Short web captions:
☆ ☆ ☆ ☆ ☆ ☆ ☆
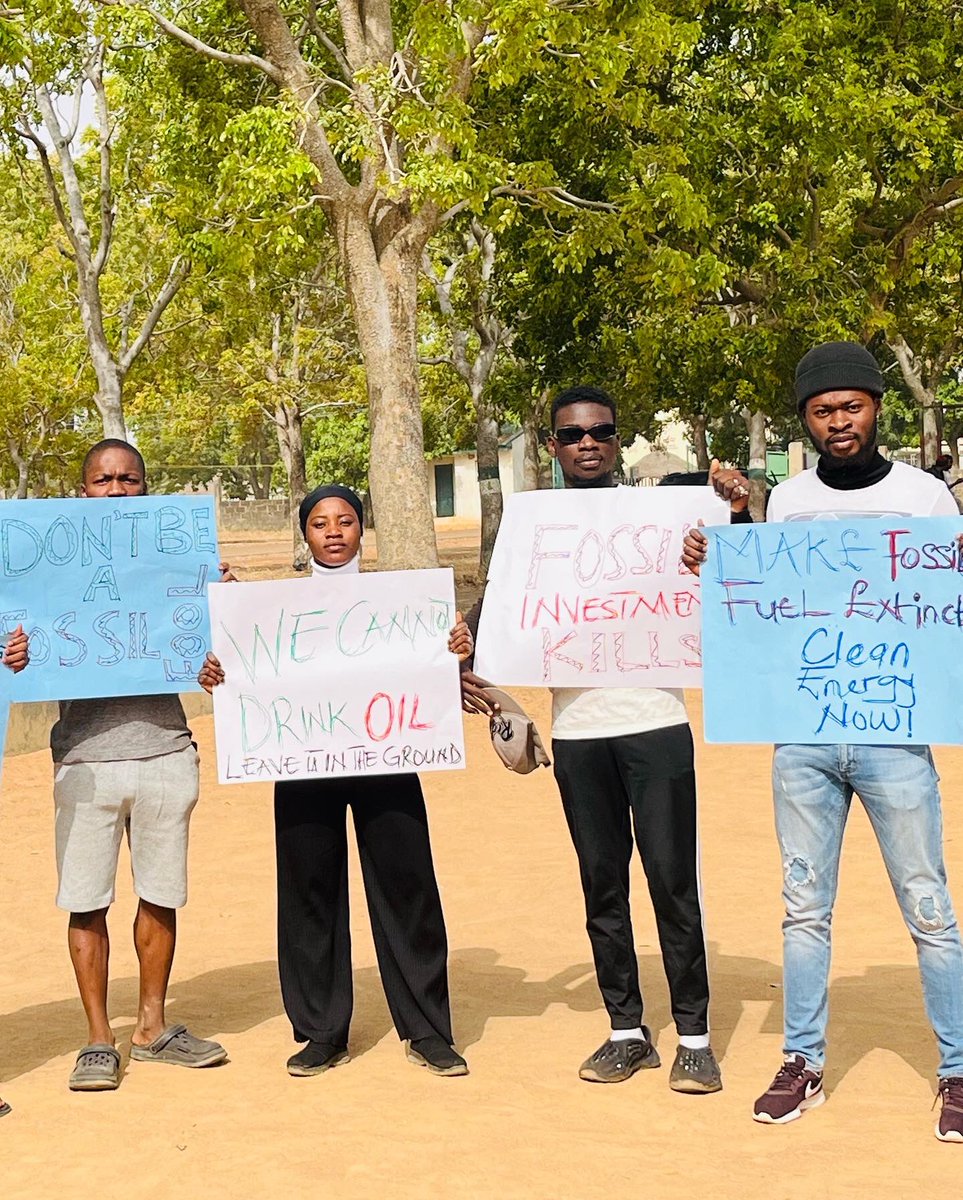soloofekundayo's tweet photo. Fossil fuel investments are damaging to marginalized communities around the world. Banks must take responsibility for the impacts of their investments and work towards a just transition to a clean energy economy
#FossilBanksNoThanks #CleanEnergyCleanFuture #RiseUpMovement https://t.co/jDx6mebXu2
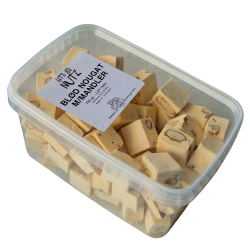 Bl�d nougat m/mandler, 750 gr (kan ogs� k�bes p� N�ddekurven.dk)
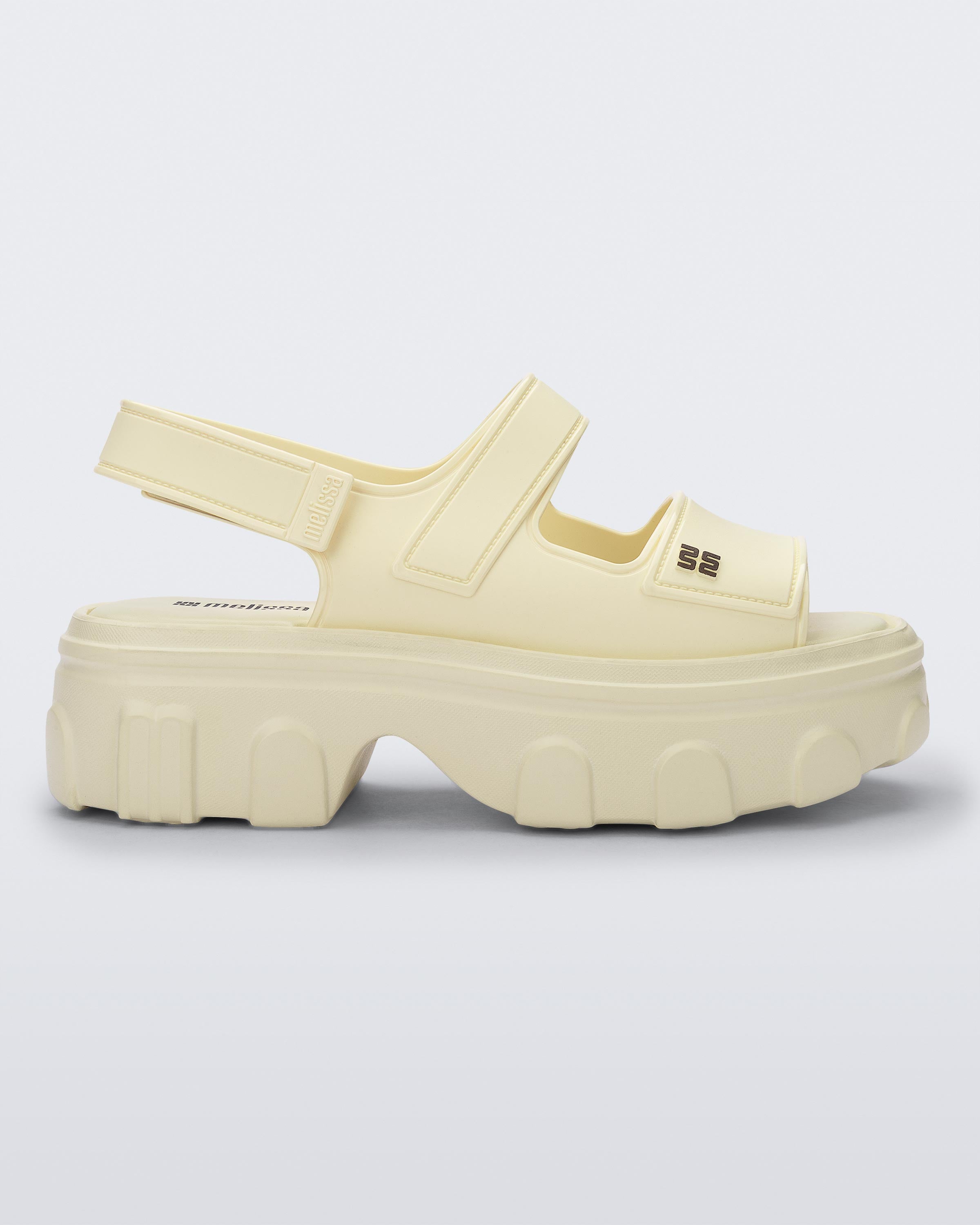 MELISSA ELLA MOVE AD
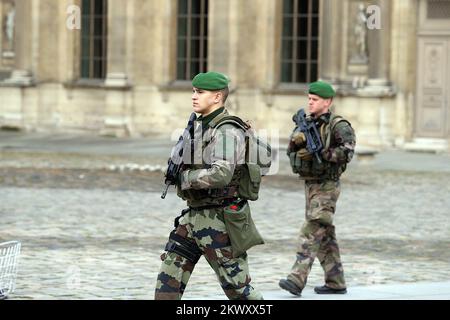 27.01.2017., Paris, Frankreich - das Louvre Museum ist eines der weltweit größten Museen. Es befindet sich im Zentrum von Paris, am Ufer der seine, im Gebäude des ehemaligen Königspalastes. Der zentrale Innenhof des Gebäudes, in dem sich heute eine Glaspyramide befindet, liegt auf der Achse der Champs Elysees und bildet somit das alte Zentrum von Paris. Nach einer Reihe von Terroranschlägen in ganz Frankreich in Paris sind die Sicherheitsmaßnahmen sehr hoch, so dass Soldaten mit Gewehren in der Touristenzone sehr verbreitet sind. Foto: Goran Stanzl/PIXSELL Stockfoto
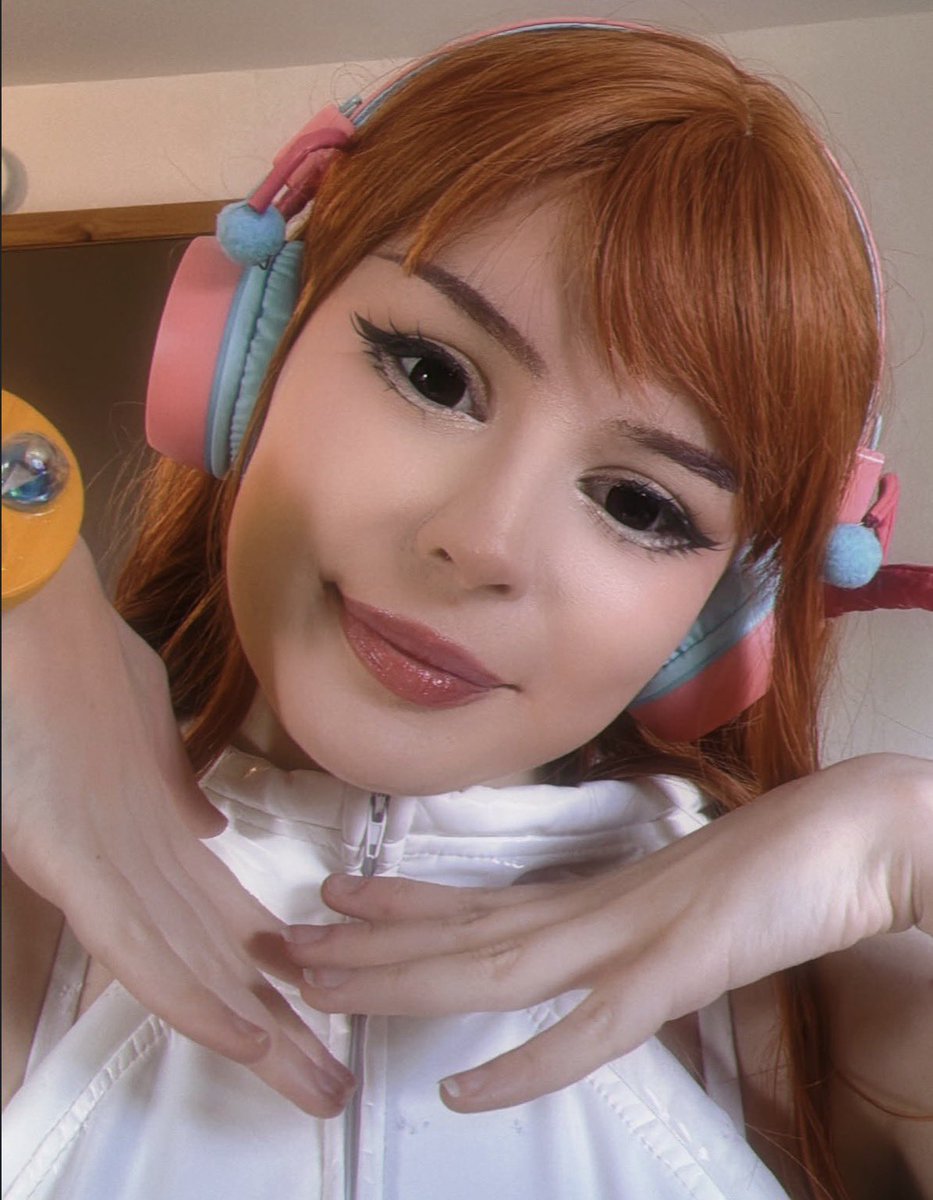 okaydanaka's tweet photo. my nami makeup look :3 
#nami #cosplay #onepiece https://t.co/LIqRIGgeeO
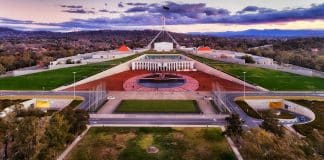 De Melbourne à Canberra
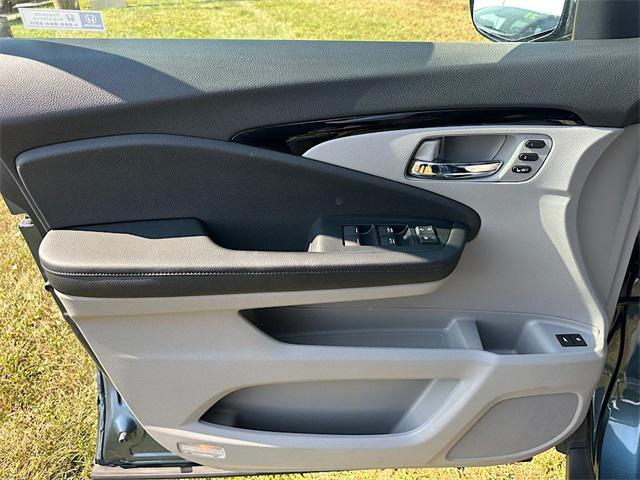 used 2022 Honda Pilot car, priced at $35,295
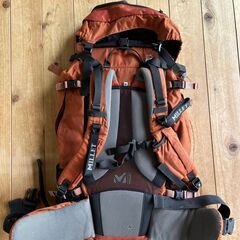 【無料】登山用バックパック：ミレー SAAS FEE 40+5の画像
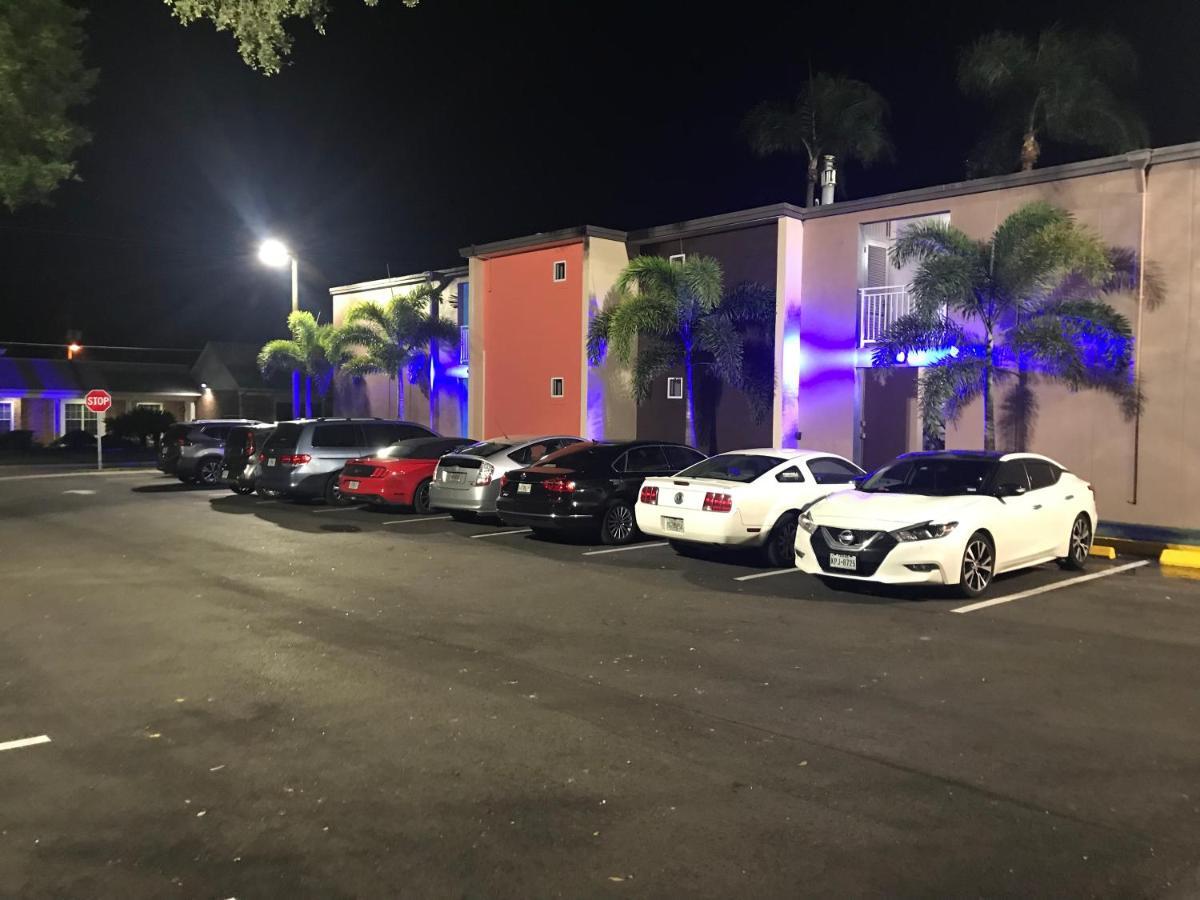 Tropical Inn & Suites, Downtown קלירווטר מראה חיצוני תמונה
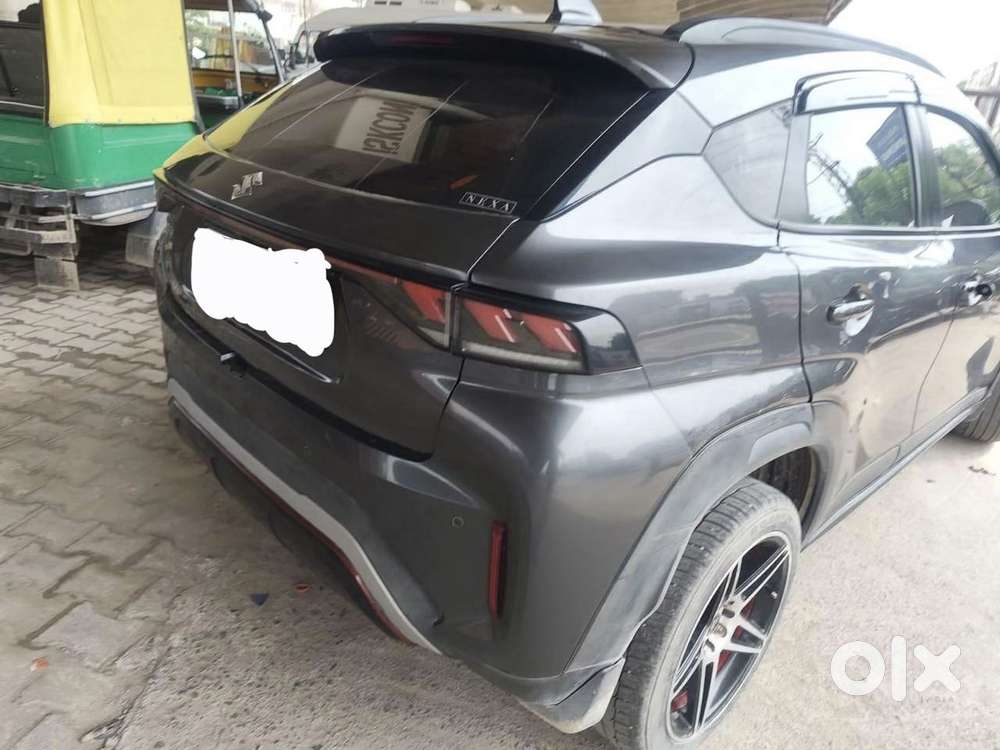 Maruti Suzuki Fronx Delta Plus 1.2l Ags, 2023, Petrol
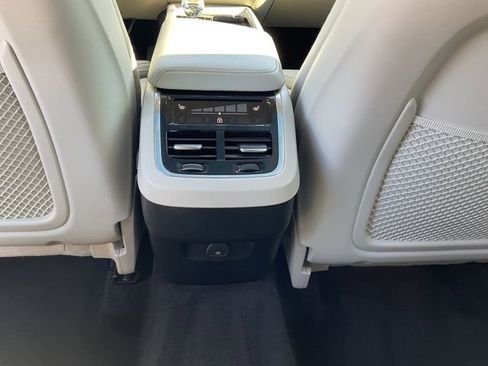 Used 2023 Volvo XC60 B5 Ultimate w/ Climate Package image 18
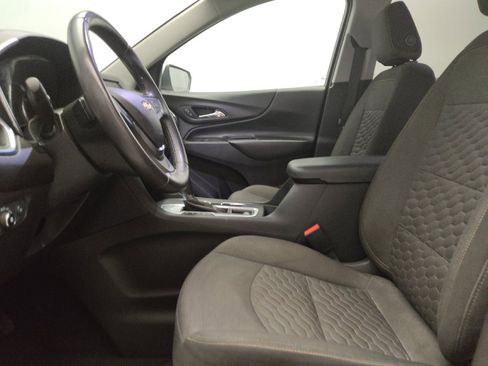 Used 2021 Chevrolet Equinox LT FWD image 17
☆ ☆ ☆ ☆ ☆ ☆ ☆
Starting at the line with "Bl�d nougat m/mandler, 750" in the entries above, write out every line exactly until the line with "MELISSA ELLA MOVE AD" has been written. Include no pictures and nothing more.

Solved exercise:
 Bl�d nougat m/mandler, 750 gr (kan ogs� k�bes p� N�ddekurven.dk)
 MELISSA ELLA MOVE AD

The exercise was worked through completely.